Ao contrário do que muitos apontam, eles levam sua sonoridade muito a sério e é nela que se deve concentrar a crítica (ao invés de, como eu fiz no primeiro parágrafo, estabelecer um paralelo com o mundo virtual). Se diversas polêmicas são o que formam metade da fama da banda, tudo bem. Mas ainda resta muita (e bota muita nisso!) música que é produzida com uma dedicação de quem sabe que está construindo um trabalho importante: incluir na cultura digital a sensação sufocante de que somos sugados pelas possibilidades, abstraídos por horas desperdiçadas em uma lavagem cerebral que inevitavelmente nos rendemos.

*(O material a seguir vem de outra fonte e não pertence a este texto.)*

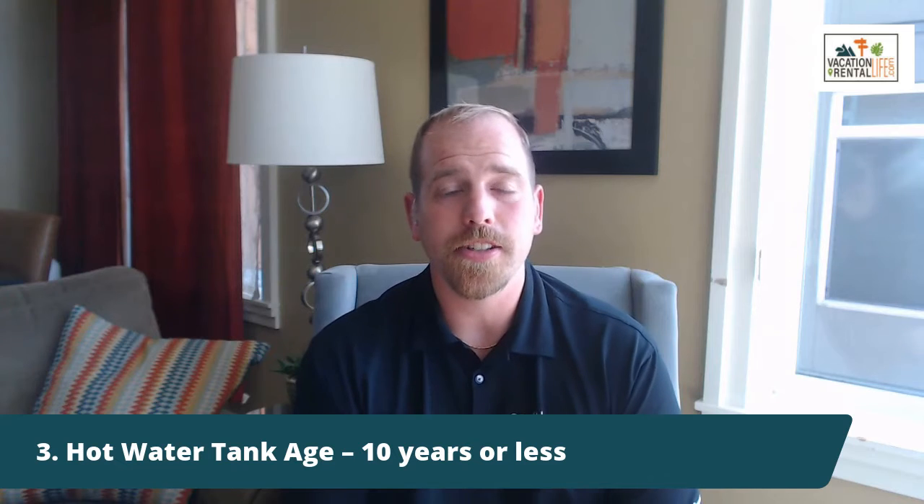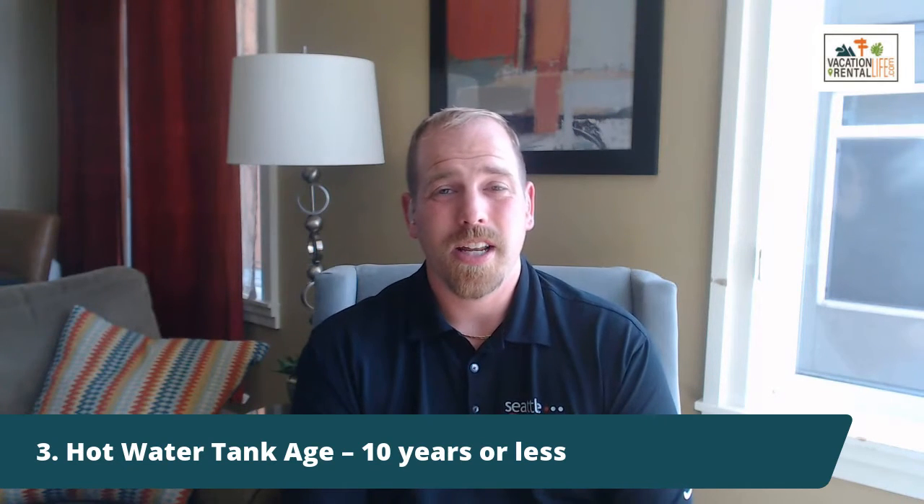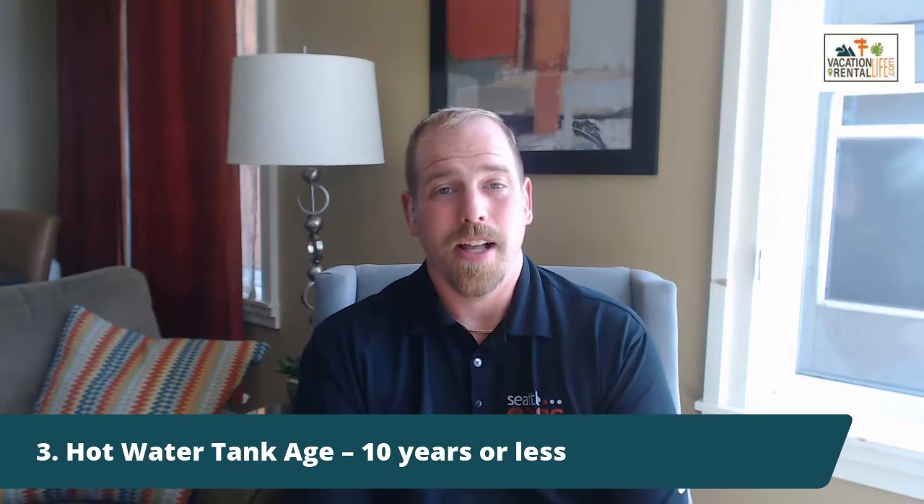Next up, check your hot water tank age. Most people don't realize this, but the recommended lifespan of a hot water tank is only 10 years. If you have one that's more than 10 years old — and I've seen them in some properties up to 20 years old — definitely replace it. It's a ticking time bomb, and when those go, they can dump 35, 50, 80, or even 100 gallons of water in your property.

A interação de “Bottomless Pit” é reunir estranhas associações (como em toda discografia do Death Grips) em um aglomerado sujo, que soa extremamente agressivo e fora de alguma lógica possível. Como em todos seus lançamentos, é uma ameaça radical a qualquer limite de compreensão (e aí eles se associam aos melhores atos do que se convencionou chamar de noise). A reunião de tal agressividade com outros atos localizam o ouvinte em algo de difícil percepção. E aí se pode visualizar a que ponto nós estamos acostumados com uma estrutura muito tradicional de composição musical. Porque as batidas, os sintetizadores e os barulhos são muito bons – é na junção que eles podem desorientar o ouvinte.

Pegue os rifes da faixa que abre o disco ou o ritmo alucinado de “Spikes” (uma das melhores batidas do ano) e podemos sentir uma aplicação série de ideias e de organização de elementos radicalmente contrários. O próprio aparecimento da percussão em um ritmo que contrapõe os sintetizadores quebrados é algo que dá muito trabalho de ser criado. Assim como em “The Powers That B” (2015), as desorientações que cada música conduz o ouvinte são assimiladas paralelamente à aplicação de boas ideias e sonoridades extremamente polidas.

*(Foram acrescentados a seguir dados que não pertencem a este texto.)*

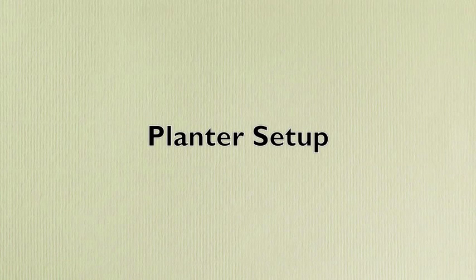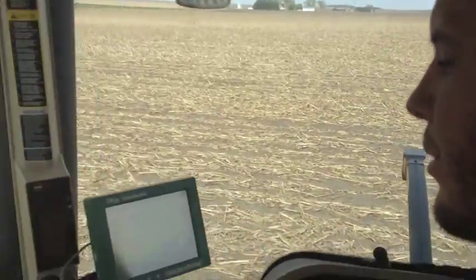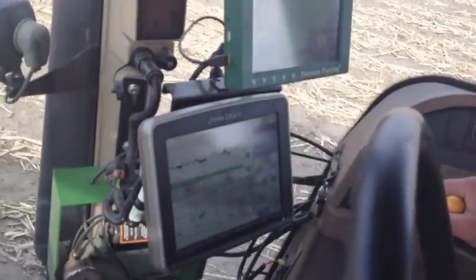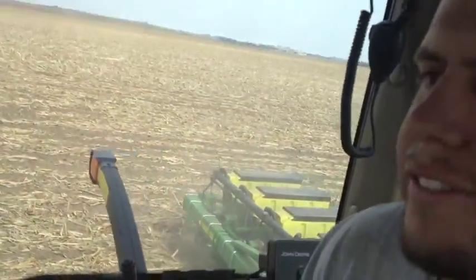Right now we're using RTK through our 2630. We're running ESETs with our John Deere planter, and we've got some closing discs called fur cruisers. I think that really helps with this strip-till and gives you a mulching effect while still getting a good seal on the furrow.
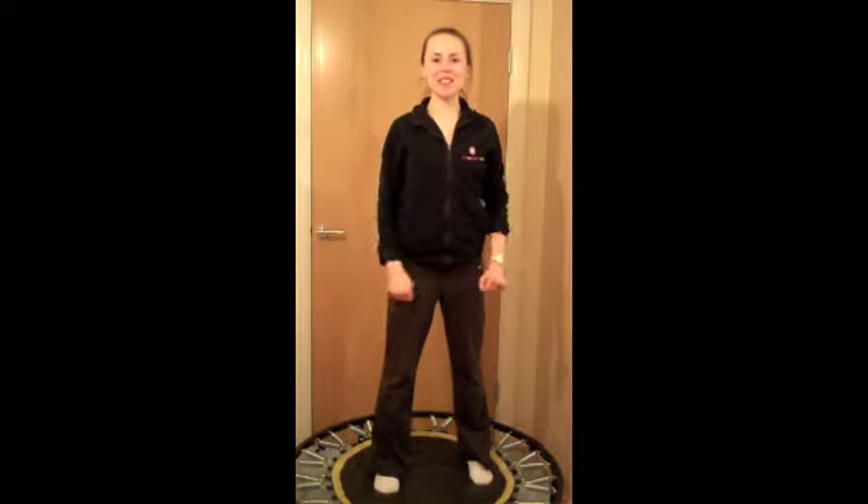Hello and welcome to day 21 of the January Active Challenge from 168 Fitness. Today we're going to do another high energy cardiovascular exercise on the mini trampoline or rebounder that you have at home.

As canções soam também como sátiras à medida que seus desenvolvimentos conseguem, à sua maneira, ambientar o ouvinte em uma narrativa sonora que faz lá seu sentido – por exemplo, o caos trazido por elementos abstratos em “80808”, com o vocal cru e rasgado e a repetição incessante de vozes, ao mesmo tempo em que associa máquinas e códigos políticos contra a paz. Nós somos conduzidos por essas lavagens dissonantes e experimentamos os limites de cada gênero que o Death Grips atravessa (e são muitos) até sermos levados à insanidade de rifes e aos barulhos crescentes e a batida frenética da última canção (que seria por si mesma uma ótima música de algum rock de garagem da Califórnia).

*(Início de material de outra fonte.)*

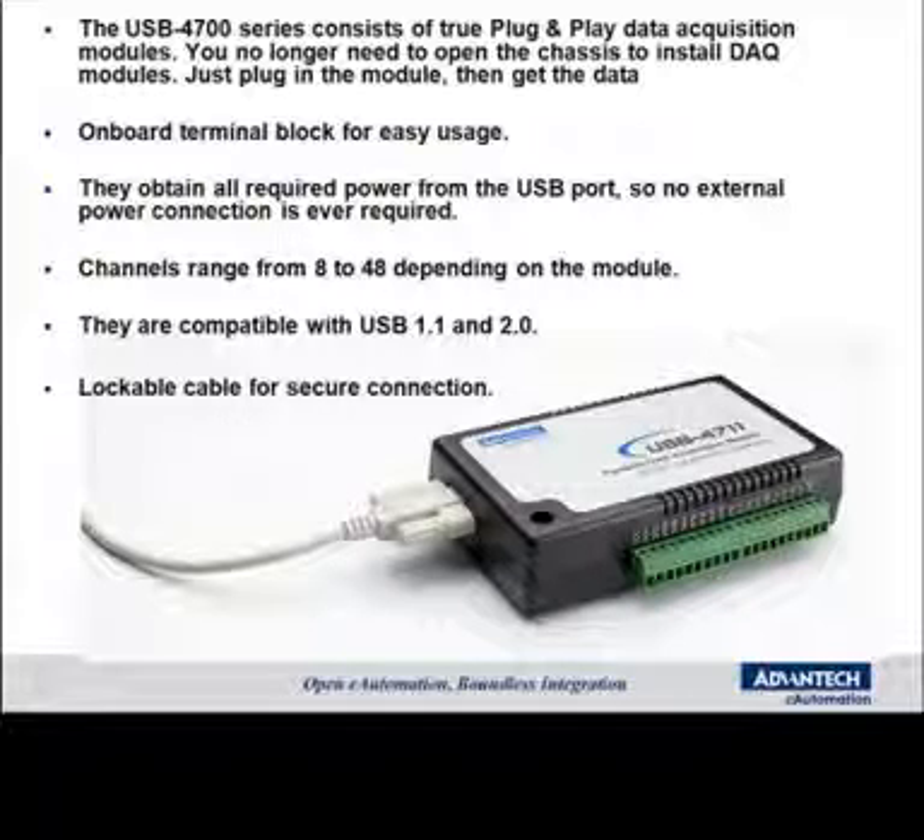Let's look at some of the capabilities and features. The 4700 series consists of true plug-and-play data acquisition. You no longer have to open up a chassis and install cards into a PCI or ISA bus. You just plug the module in and you're ready to collect data. There are onboard terminal blocks for ease of wiring. They obtain all their power from the USB port, so there's no external power connection to set up.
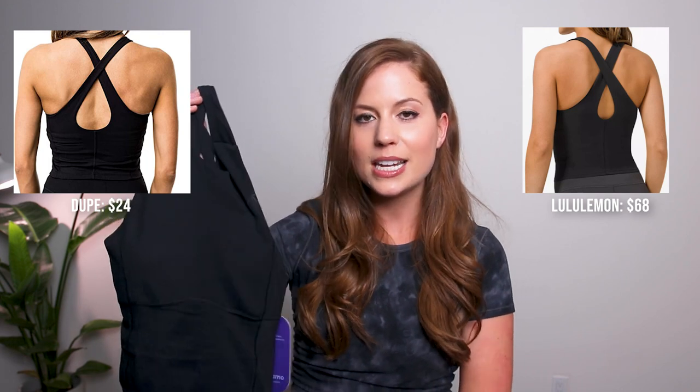Next we have the Key to Balance dupe, which is $24 — I got a size medium — and the Lululemon one costs $68, so it's nearly a third of the price. Right away I have to say this was the most flattering top I've tried on in a really long time. It's compressive but not too compressive, the material is really soft, and I absolutely love the back with the cross design. It actually has the same seams as the Lululemon version — along the sides and in the back.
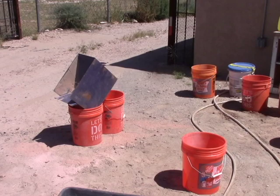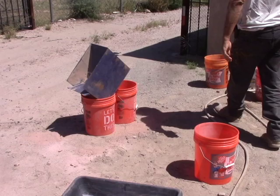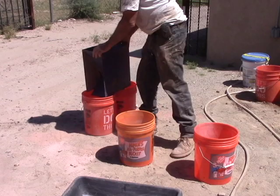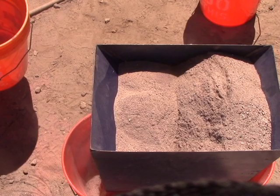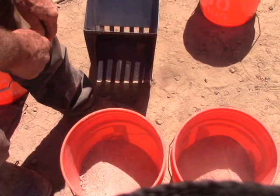Now I've got them all crushed and I'm going to split it down. Here's my splitting area — let me show you how easy this is. Here's the sample. The splitter has alternating openings, an equal number to each bucket, so if you do that it splits the sample evenly. And there you go.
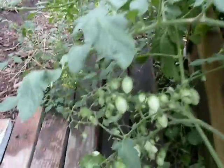And then there's some more tomatoes. And there's a few potatoes in there, which I didn't plant either.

Com tudo isso aqui, dá pra ver que cada disco do Death Grips é como um arco dramático de alguma boa série: ou você aceita a narrativa à sua maneira ou simplesmente não liga pra nada aqui. Fica a critério de cada um, é claro. Mas tanto trabalho e tantas ideias diversas de como reunir exposições musicais radicalmente diferentes merece lá seu crédito. E pra mim, muito mais do que isso.

NOTA; 8,5
Lançamento: 6 de maio de 2016
Duração: 39 minutos e 22 segundos
Selo: Harvest
Produção: Death Grips

OPEN MIKE EAGLE + PAUL WHITE – HELLA PERSONAL FILM FESTIVAL
Porque o Mike Eagle, ao invés de disparar frases com raiva, ele conversa conosco tranquilamente enquanto as linhas axiais do mundo se movem em direções desconhecidas. Mesmo as referências que não conseguimos identificar são jogadas pra nós em uma história que conseguimos situar o cenário. É mais um tipo de discussão em que não podemos deixar de ficar impressionados com a habilidade de Eagle fluir entre tópicos aparentemente diferentes e encontrar pontes que ligam assuntos tão diversos. No fim, ele é alguém que consegue te deixar confortável (o clima smooth do álbum ajuda pra caramba nisso) enquanto discorre sobre suas diferentes visões do mundo.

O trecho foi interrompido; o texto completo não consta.